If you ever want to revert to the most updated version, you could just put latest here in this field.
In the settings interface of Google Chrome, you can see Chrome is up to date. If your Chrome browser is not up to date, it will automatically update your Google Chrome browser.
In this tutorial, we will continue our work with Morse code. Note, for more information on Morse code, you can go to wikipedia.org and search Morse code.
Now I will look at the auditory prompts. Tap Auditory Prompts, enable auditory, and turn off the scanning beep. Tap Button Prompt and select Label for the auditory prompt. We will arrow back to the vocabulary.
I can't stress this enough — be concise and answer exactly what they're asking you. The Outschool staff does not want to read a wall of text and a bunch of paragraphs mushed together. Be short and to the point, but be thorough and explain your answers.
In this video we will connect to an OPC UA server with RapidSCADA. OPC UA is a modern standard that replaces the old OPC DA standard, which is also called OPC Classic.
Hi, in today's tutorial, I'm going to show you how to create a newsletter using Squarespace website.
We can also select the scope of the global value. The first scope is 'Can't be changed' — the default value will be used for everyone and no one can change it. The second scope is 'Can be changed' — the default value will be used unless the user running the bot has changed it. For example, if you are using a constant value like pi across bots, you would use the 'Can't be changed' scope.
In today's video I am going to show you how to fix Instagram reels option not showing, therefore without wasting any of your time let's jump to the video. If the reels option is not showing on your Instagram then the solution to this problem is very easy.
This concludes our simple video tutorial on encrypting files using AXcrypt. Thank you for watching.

----

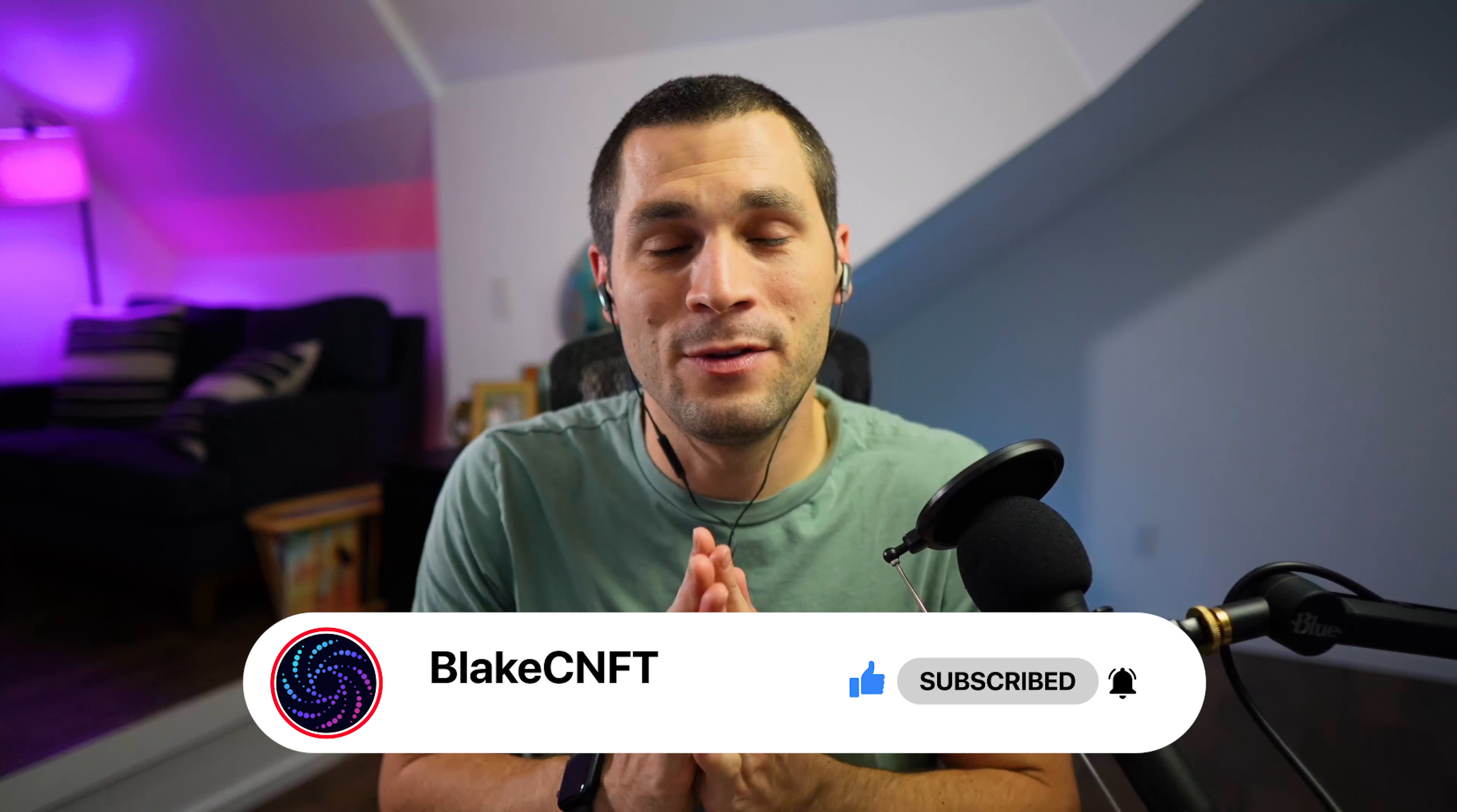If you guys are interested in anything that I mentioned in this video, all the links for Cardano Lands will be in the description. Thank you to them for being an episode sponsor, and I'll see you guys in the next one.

----

■ WORK TASK:
Bring together each line above where the string "today" turns up.

■ TASK RESULT:
Hi, in today's tutorial, I'm going to show you how to create a newsletter using Squarespace website.
In today's video I am going to show you how to fix Instagram reels option not showing, therefore without wasting any of your time let's jump to the video. If the reels option is not showing on your Instagram then the solution to this problem is very easy.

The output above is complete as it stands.